Leave the pictures in the listing below aside and reproduce exactly the lines starting with the one with "7-дюймовая пластинка RIVER" and going on through the one with "Used Rim Rim 37400162 37400162", both ends included.

Segment Start: Recorded data

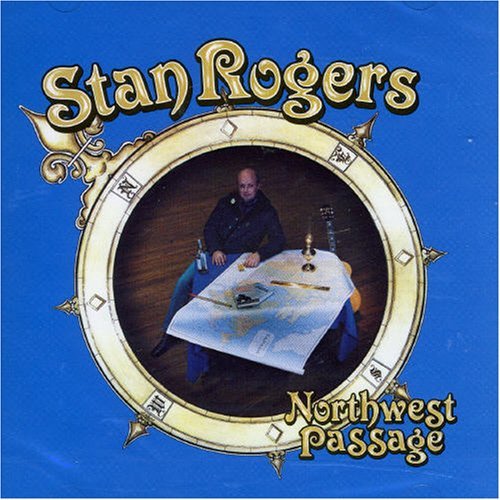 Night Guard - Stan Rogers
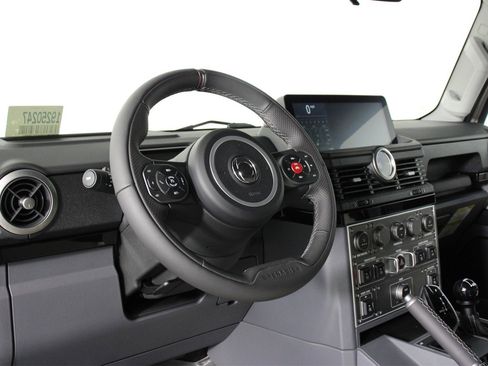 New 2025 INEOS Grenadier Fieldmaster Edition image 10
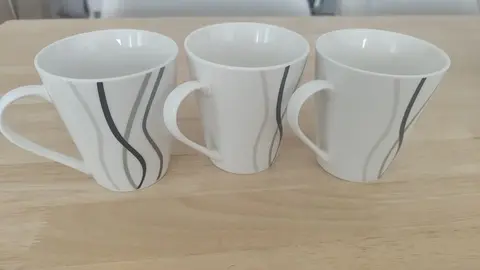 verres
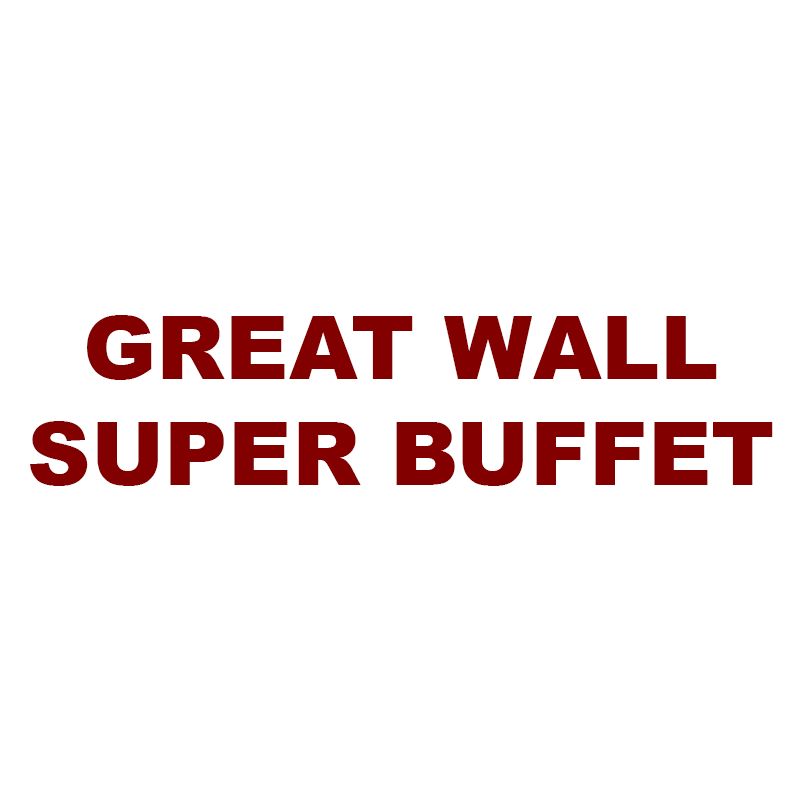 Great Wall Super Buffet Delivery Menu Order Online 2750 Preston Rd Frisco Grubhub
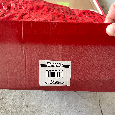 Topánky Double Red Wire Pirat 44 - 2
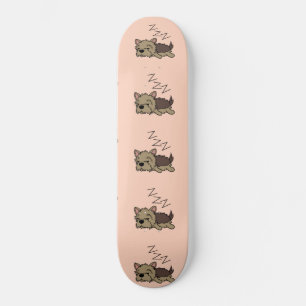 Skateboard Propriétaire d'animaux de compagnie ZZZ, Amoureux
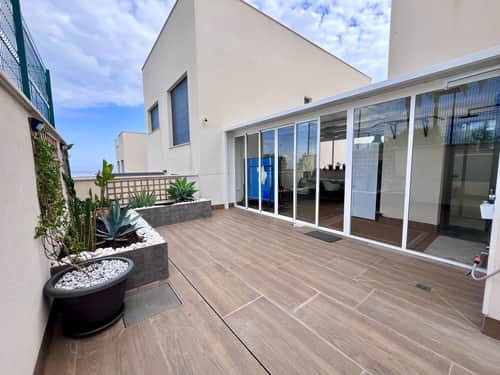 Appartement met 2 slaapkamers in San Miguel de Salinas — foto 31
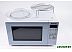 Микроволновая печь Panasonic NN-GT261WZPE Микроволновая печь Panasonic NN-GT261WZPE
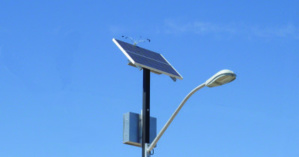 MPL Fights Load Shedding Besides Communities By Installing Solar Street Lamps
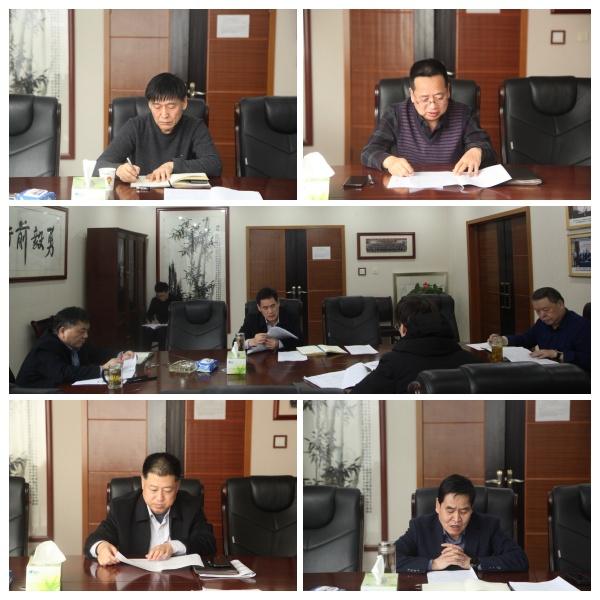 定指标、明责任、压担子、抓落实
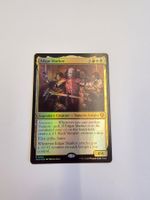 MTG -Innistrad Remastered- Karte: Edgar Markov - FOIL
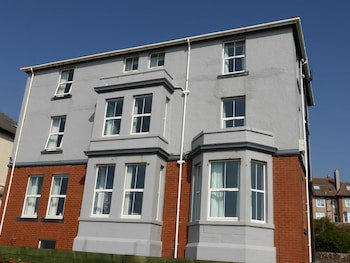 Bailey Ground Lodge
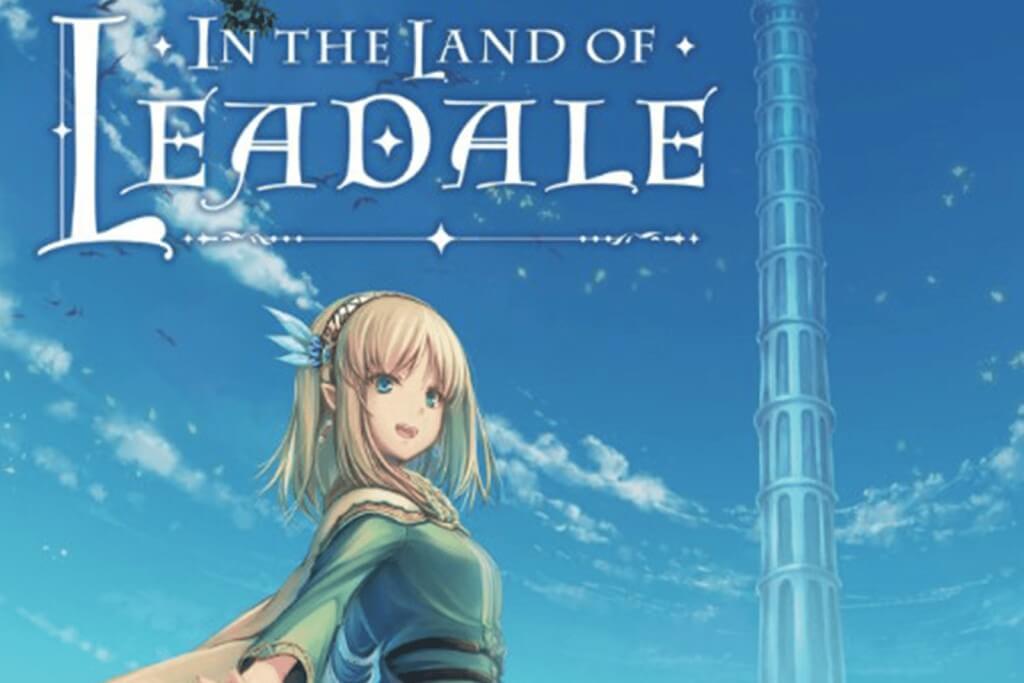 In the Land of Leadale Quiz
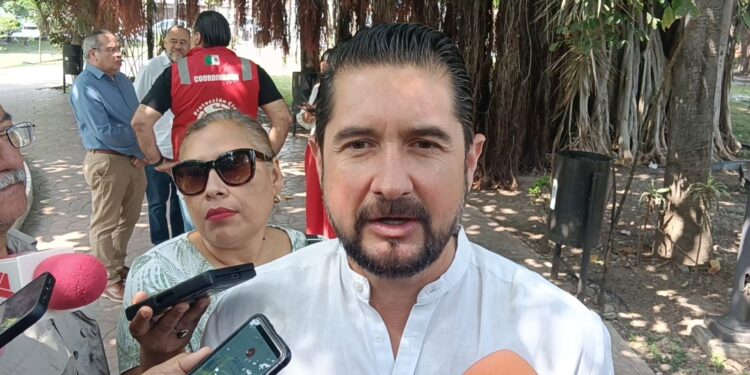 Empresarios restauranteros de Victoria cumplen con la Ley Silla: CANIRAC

Segment End: Recorded data
Segment Start: Recorded data

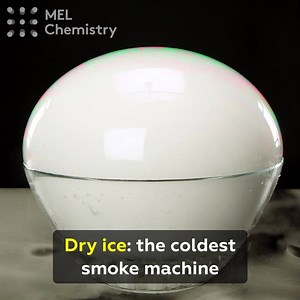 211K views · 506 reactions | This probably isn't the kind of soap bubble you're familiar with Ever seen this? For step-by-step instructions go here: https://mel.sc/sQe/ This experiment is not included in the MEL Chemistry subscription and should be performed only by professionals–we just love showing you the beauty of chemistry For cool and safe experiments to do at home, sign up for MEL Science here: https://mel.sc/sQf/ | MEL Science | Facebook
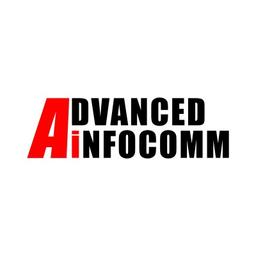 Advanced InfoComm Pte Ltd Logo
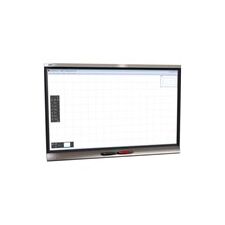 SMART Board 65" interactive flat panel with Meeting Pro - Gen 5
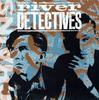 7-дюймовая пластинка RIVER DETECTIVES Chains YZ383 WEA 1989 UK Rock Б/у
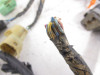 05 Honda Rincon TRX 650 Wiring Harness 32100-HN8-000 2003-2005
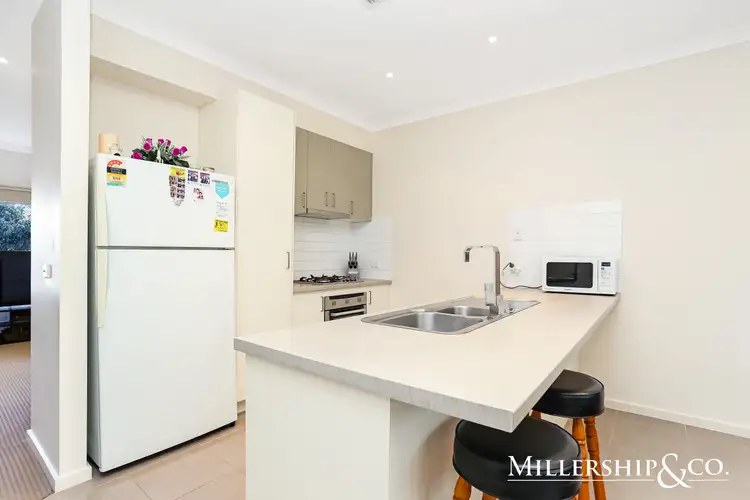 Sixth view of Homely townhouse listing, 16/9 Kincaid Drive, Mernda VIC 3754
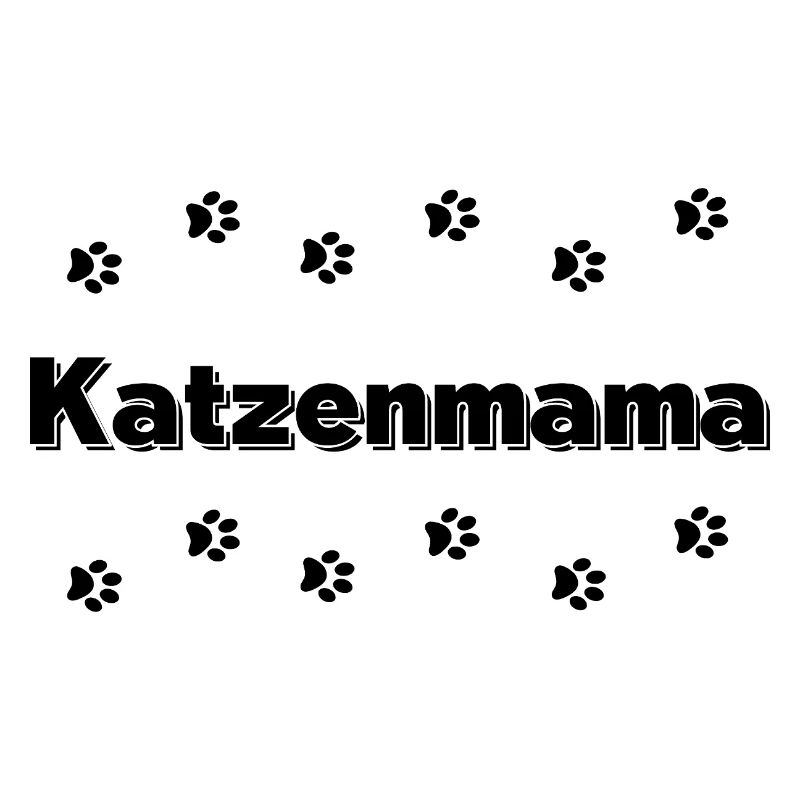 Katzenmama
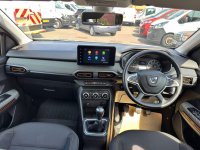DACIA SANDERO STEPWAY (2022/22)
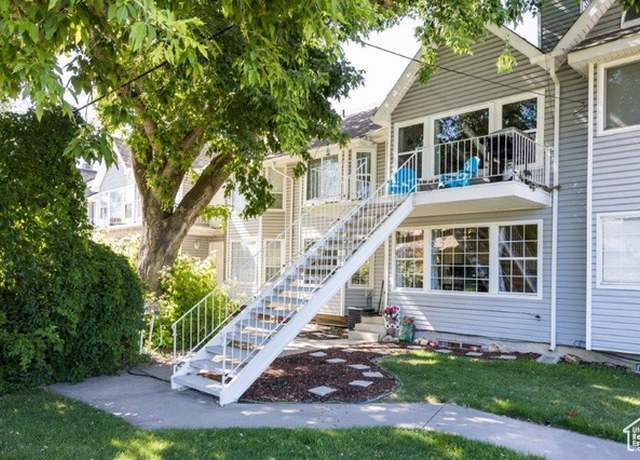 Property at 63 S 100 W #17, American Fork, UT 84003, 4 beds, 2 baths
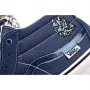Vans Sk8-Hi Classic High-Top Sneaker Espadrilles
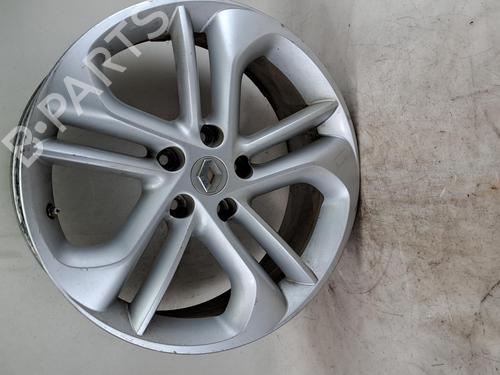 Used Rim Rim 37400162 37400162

Segment End: Recorded data

■ Result for this task ■
 7-дюймовая пластинка RIVER DETECTIVES Chains YZ383 WEA 1989 UK Rock Б/у
 05 Honda Rincon TRX 650 Wiring Harness 32100-HN8-000 2003-2005
 Sixth view of Homely townhouse listing, 16/9 Kincaid Drive, Mernda VIC 3754
 Katzenmama
DACIA SANDERO STEPWAY (2022/22)
 Property at 63 S 100 W #17, American Fork, UT 84003, 4 beds, 2 baths
Vans Sk8-Hi Classic High-Top Sneaker Espadrilles
 Used Rim Rim 37400162 37400162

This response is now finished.